2015-10-12 49 views
2

我正在使用perl腳本刪除文本中的所有停用詞。停用詞按行存儲。我正在使用Mac OSX命令行,並且perl安裝正確。Perl使用file2從文件1中刪除單詞

此腳本無法正常工作並存在邊界問題。

#!/usr/bin/env perl -w 
# usage: script.pl words text >newfile 
use English; 

# poor man's argument handler 
open(WORDS, shift @ARGV) || die "failed to open words file: $!"; 
open(REPLACE, shift @ARGV) || die "failed to open replacement file: $!"; 

my @words; 
# get all words into an array 
while ($_=<WORDS>) { 
    chop; # strip eol 
    push @words, split; # break up words on line 
} 

# (optional) 
# sort by length (makes sure smaller words don't trump bigger ones); ie, "then" vs "the" 
@words=sort { length($b) <=> length($a) } @words; 

# slurp text file into one variable. 
undef $RS; 
$text = <REPLACE>; 

# now for each word, do a global search-and-replace; make sure only words are replaced; remove possible following space. 
foreach $word (@words) { 
    $text =~ s/\b\Q$word\E\s?//sg; 
} 

# output "fixed" text 
print $text; 

sample.txt的

$ cat sample.txt 
how about i decide to look at it afterwards what 
across do you think is it a good idea to go out and about i 
think id rather go up and above 

stopWords.txt中

I 
a 
about 
an 
are 
as 
at 
be 
by 
com 
for 
from 
how 
in 
is 
it 
.. 

輸出:

$ ./remove.pl stopwords.txt sample.txt 
i decide look fterwards cross do you think good idea go out d i 
think id rather go up d bove 

正如你所看到的,它取代之後使用作爲fterwards。

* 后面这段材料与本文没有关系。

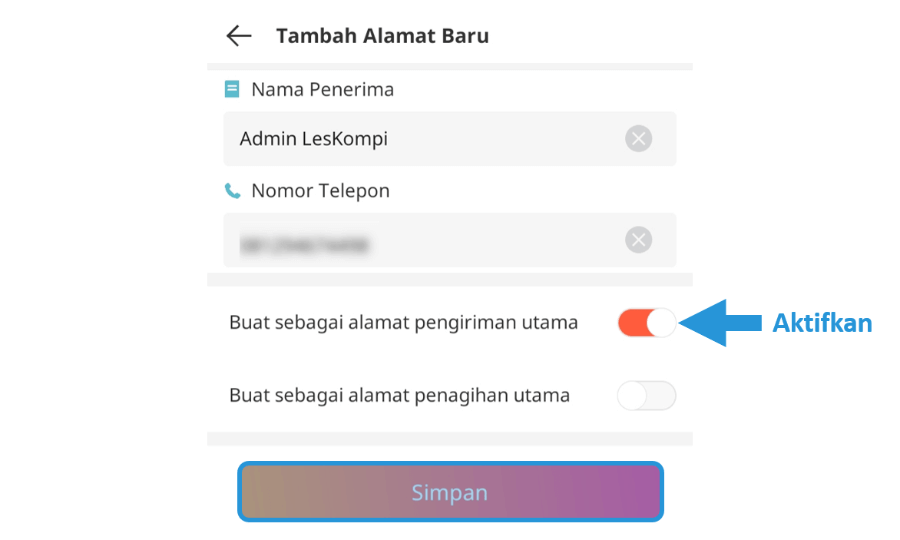 Ubah Jadi Alamat Utama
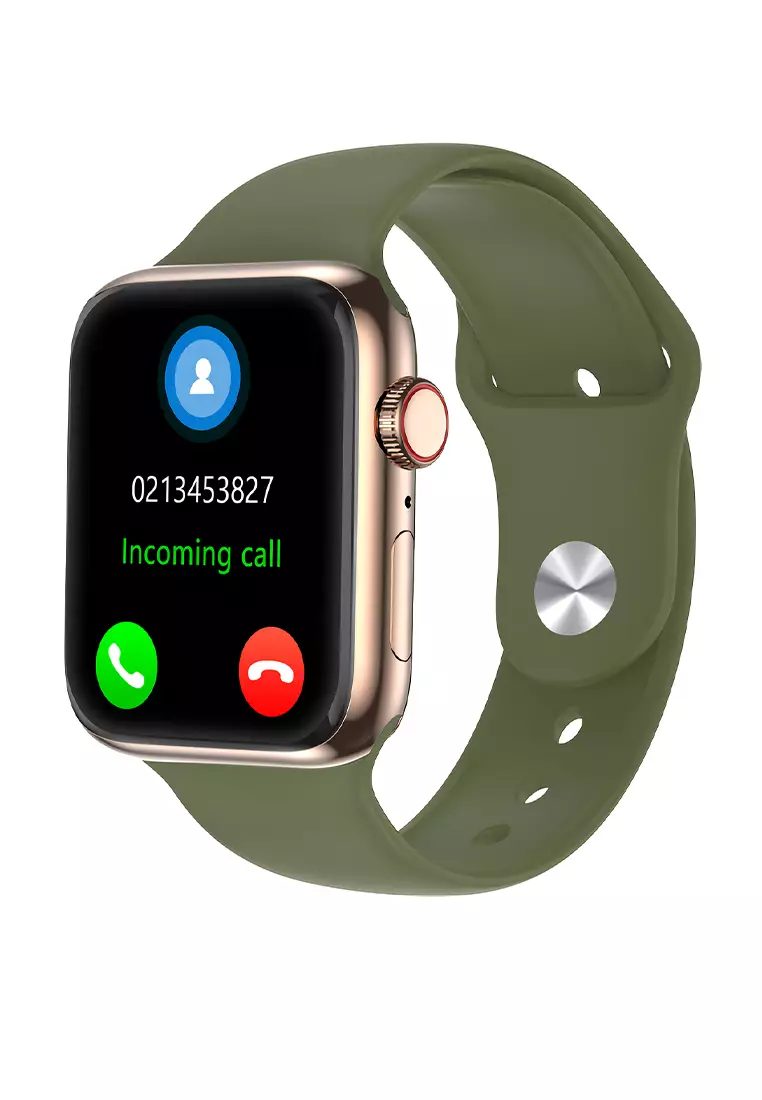 Digitec VISION MINI - Smartwatch - Jam Tangan Pintar Wanita - Rosegold - Green Rubber Strap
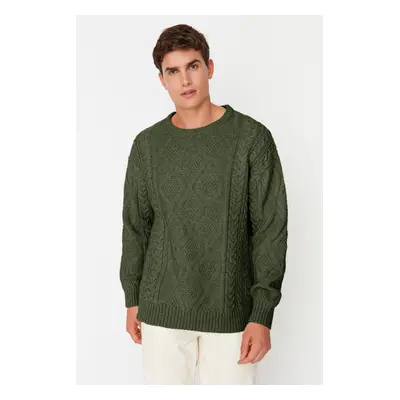 Trendyol Khaki Oversize Crew Neck Hair Knit Sweater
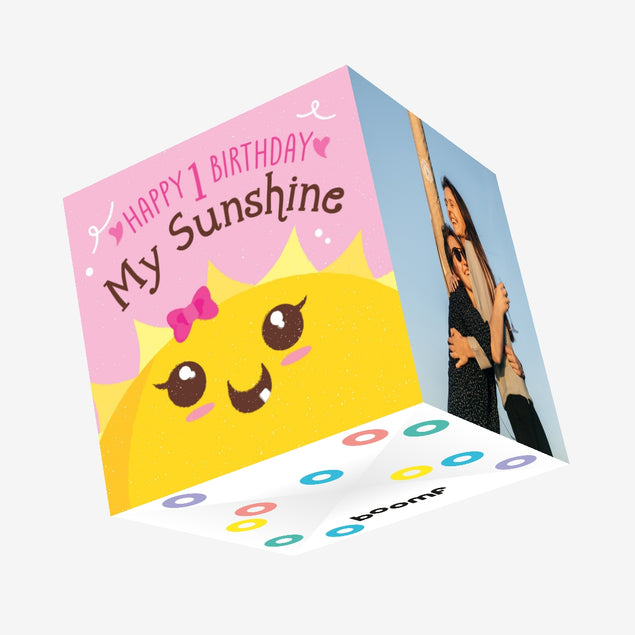 Happy 1st Birthday Sunshine Cute Baby Sun Confetti-exploding Greetings Card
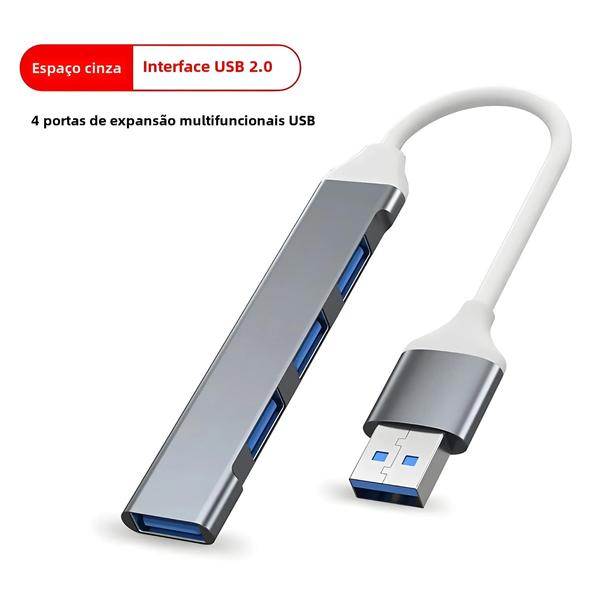 Imagem de Hub USB-C Tipo-C - Docking Station com 4 Portas USB 3.0 para Computador e Celular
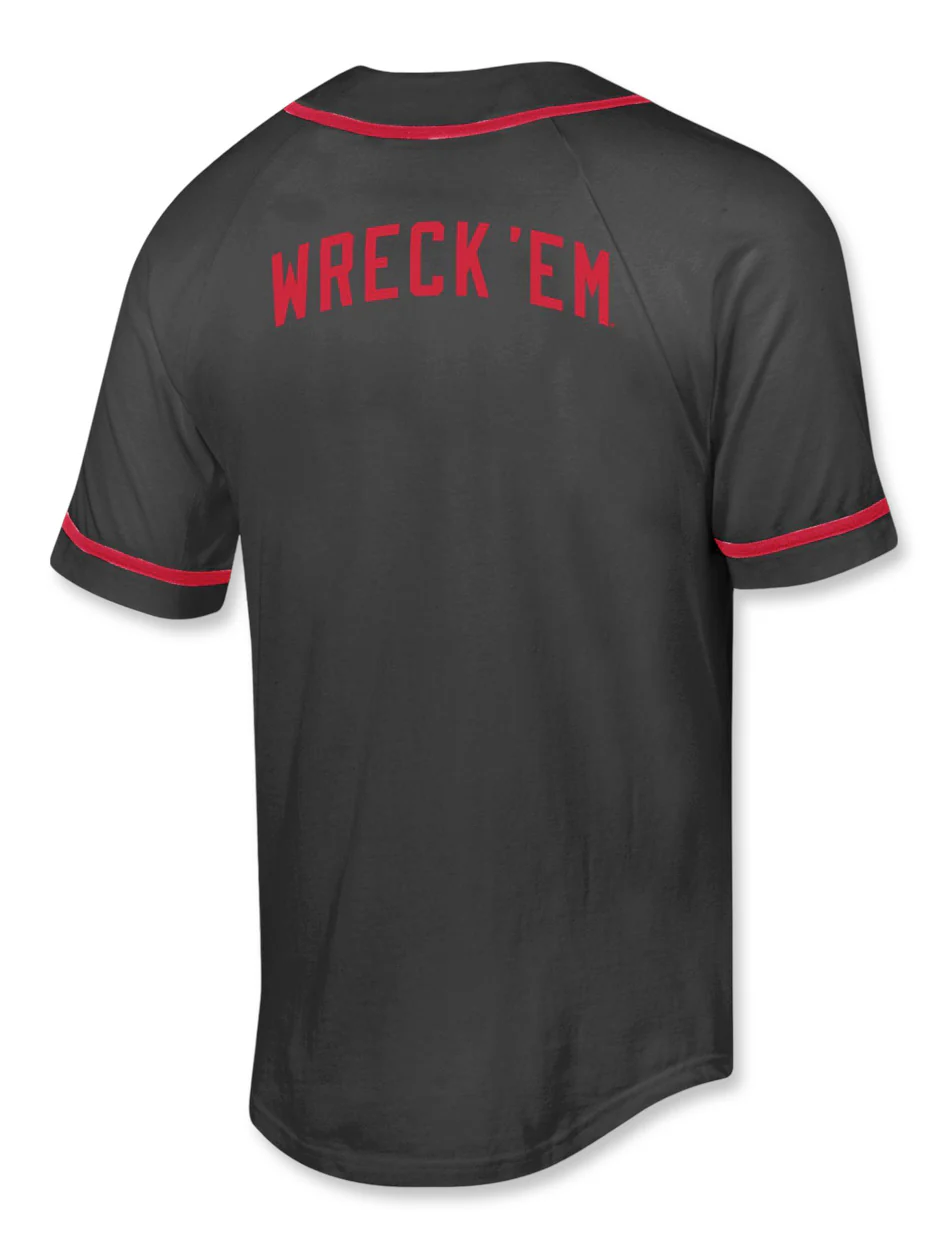 Champion Texas Tech Wreck Em Throwback Super Fan Men's Baseball Jersey - Image 2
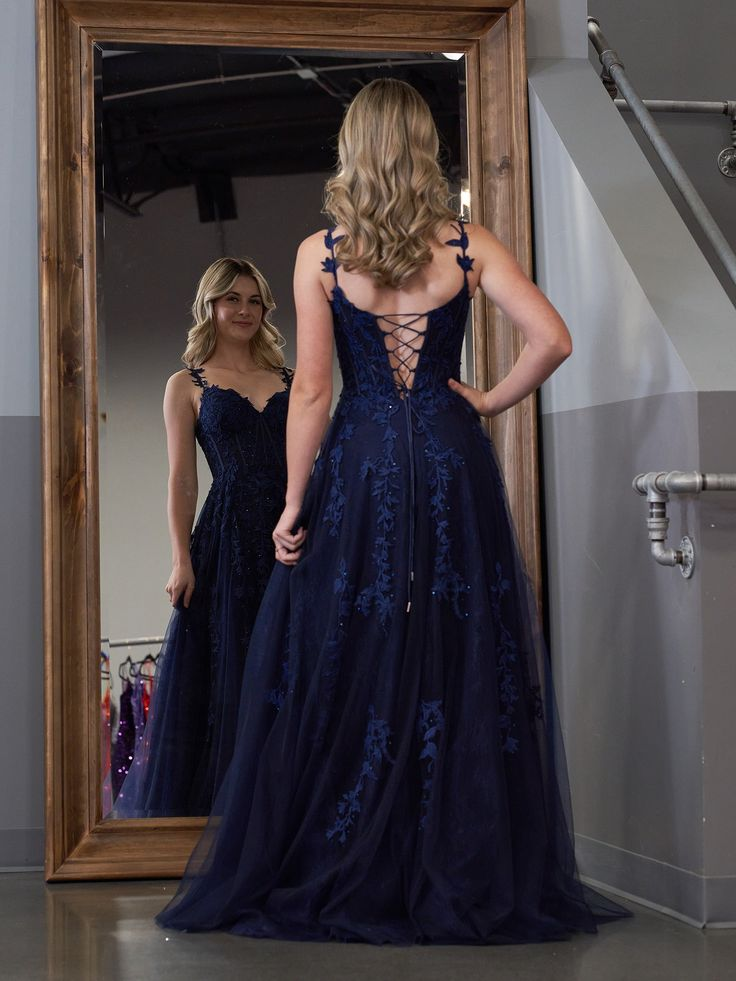 A Line Tulle Navy Blue Long Prom Dress Applique Formal Party Dress J5106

認爲它是一個正則表達式問題。請有人能幫我快速補丁嗎?感謝您的幫助:J

+1

不應該在's/\ b \ Q $ word \ E \ s?// sg;'這樣:'s/\ b \ Q $ word \ E \ b // sg;' – hjpotter92

+0

@ hjpotter92多數民衆贊成它,張貼作爲答案。 :J – pbu

+0

另請參閱:打開「嚴格」和「警告」。打開Lexical 3 arg文件是一個好主意,尤其是當您從arg列表中取得文件名時。你也不需要在你的while循環中顯式賦值'$ _'。如果你這樣做,或者使用不同的(有意義的)名稱,或者不要 - 'while(<$file>)'完全一樣。 – Sobrique

回答

1

$word的兩側使用字邊界。目前,您只是在開始時檢查它。

你不會需要\s?條件與\b到位:

$text =~ s/\b\Q$word\E\b//sg; 
0

你的正則表達式是不夠嚴謹。

$text =~ s/\b\Q$word\E\s?//sg; 

$worda,該命令是有效s/\ba\s?//sg。這意味着,刪除所有以a開頭的新單詞,後面跟零個或多個空格。在afterwards中,這將成功匹配第一個a

您可以通過以另一個\b結束單詞來使比賽更加嚴格。就像

$text =~ s/\b\Q$word\E\b\s?//sg;